Они перешли в гостиную. Гуров сел, развалившись, в кресле, вытянул ноги и лениво сказал:
– Ждешь ее, ждешь, госпожу Удачу, а она появляется неожиданно и совсем не в том месте, где ты в засаде.
– И все-таки, шеф, мне непонятно, как появилась на свет эта пленка и как она попала к вам в руки.
– Я всегда говорил тебе, Станислав, делай людям добро, в конце концов откликнется. Ты мне можешь напомнить об Акиме-Лёнчике, которому я спас жизнь, а он убил Татьяну. Что ж, бывает и так. А с пленкой получилось иначе. Оказалось, что в прошлом году Галей и Якушев поддерживали связь по телефону и аппарат, по которому разговаривал Галей, находился в одном из старых притонов на Арбате. Там собирается совсем никчемная публика, в основном женщины, опустившиеся до дна и даже ниже. Среди них оказалась молодая проститутка, которая была не так пьяна, и, слушая один из разговоров Галея, поняла, что здесь дело пахнет смертоубийством. На следующий день она пригласила мастера, одного из своих любовников, который установил в аппарате записывающее устройство. Делала это она, конечно, не из благотворительных соображений, а стремясь получить компрматериал на этого мужика, который заскакивал на квартиру, с тем, чтобы в дальнейшем получить с него деньги. Но когда она прослушала запись, то поняла, что никакого шантажа здесь не получится, проще застрелиться. Но пленку не выбросила, а оставила кассету так, на всякий случай. Когда она от своих дружков услышала о перестрелке, о смерти женщины и о Гурове, который в этом деле был замешан, то быстро вспомнила, как этот самый Гуров, будучи еще майором, помог ей выпутаться из очень неприятной истории, и после долгих колебаний сегодня утром она принесла мне эту кассету. Если бы ты видел, Станислав, как она старалась не дышать на меня перегаром и вообще казаться, как прежде, молодой и симпатичной. Вот и весь секрет.
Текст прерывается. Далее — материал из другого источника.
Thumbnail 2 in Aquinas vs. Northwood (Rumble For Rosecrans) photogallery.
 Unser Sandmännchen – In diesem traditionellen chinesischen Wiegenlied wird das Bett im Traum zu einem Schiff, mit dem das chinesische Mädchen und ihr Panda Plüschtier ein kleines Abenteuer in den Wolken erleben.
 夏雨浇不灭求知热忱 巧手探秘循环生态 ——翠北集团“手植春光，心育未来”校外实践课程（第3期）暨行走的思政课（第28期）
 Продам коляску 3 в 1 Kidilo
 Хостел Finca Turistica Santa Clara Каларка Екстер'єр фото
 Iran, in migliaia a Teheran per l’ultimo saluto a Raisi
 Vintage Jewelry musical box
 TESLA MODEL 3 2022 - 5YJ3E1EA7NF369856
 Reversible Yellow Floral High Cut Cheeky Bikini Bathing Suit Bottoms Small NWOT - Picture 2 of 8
– Что же мы имеем? – спросил Крячко.
– Мы имеем не сильные, но доказательства. Мы знаем, кто заказывал прошлогоднее убийство депутата Сивкова и кто его ликвидировал. Конечно, для суда этого мало, но для задержания обоих фигурантов и проведения первичных допросов вполне достаточно. Я начну с Якушева и думаю, что он завалит Галея, придумав какой-нибудь вариант, вроде того, что это была шутка или что он не верил в реальность происходящего. А получив его показания, я возьму Галея. Имея пленку и протокол допроса, я либо размотаю Галея, либо передам материал в прокуратуру, и пусть они сами решают, что с этим делать. В любом случае мы их арестуем. А как поется в Детской песенке: «Раз дощечка, два дощечка будет лесенка, раз словечко, два словечко – будет песенка». У меня есть агентурный подход к группе Акима-Лёнчика, я выясню, кто причастен к нападению на нас с Татьяной, возьму этих ребят, и под угрозой привлечь их по делу об убийстве Татьяны они споют все, что знают. А это уже узелок на петле Галея.
– И когда ты думаешь приступать?
– Сейчас у нас девятнадцать. Думаю, что полночь – самое время. К прокурору я обращусь только завтра, таким образом, я получу возможность проработать ночь без надзора прокуратуры. Да и сам знаешь, что ночью люди разговорчивее. Ночью люди привыкли спать в мягкой постели, а не сидеть на жестком стуле на допросе.
– Значит, сегодня? – спросил Крячко.
– Сегодня, Станислав, сегодня. Так что готовься. Поедем ты да я и еще возьмем молодого парня. В двенадцать Якушев должен сидеть на этом стуле.
– Поздравлять тебя рано, – сказал Станислав, – но видится мне, что ты вышел в цвет.
– Почти год ждал.
– Брать Якушева дело безопасное. Так что можешь третьего человека и не приглашать. Мы уж справимся как-нибудь вдвоем.
Гуров положил пистолет в карман плаща – оружие оттягивало полу и несколько мешало при ходьбе, зато было всегда под рукой, – кивнул Крячко на дверь.
Из спальни вышла Яна и, глядя фарфоровыми глазами мимо Гурова, сказала:
– Ты учти, полковник, я несовершеннолетняя и жить мне не на что.
– Да ты что, дочка? – Гуров беспечно улыбнулся. – Я смотаюсь по пустяковому делу, тут же вернусь.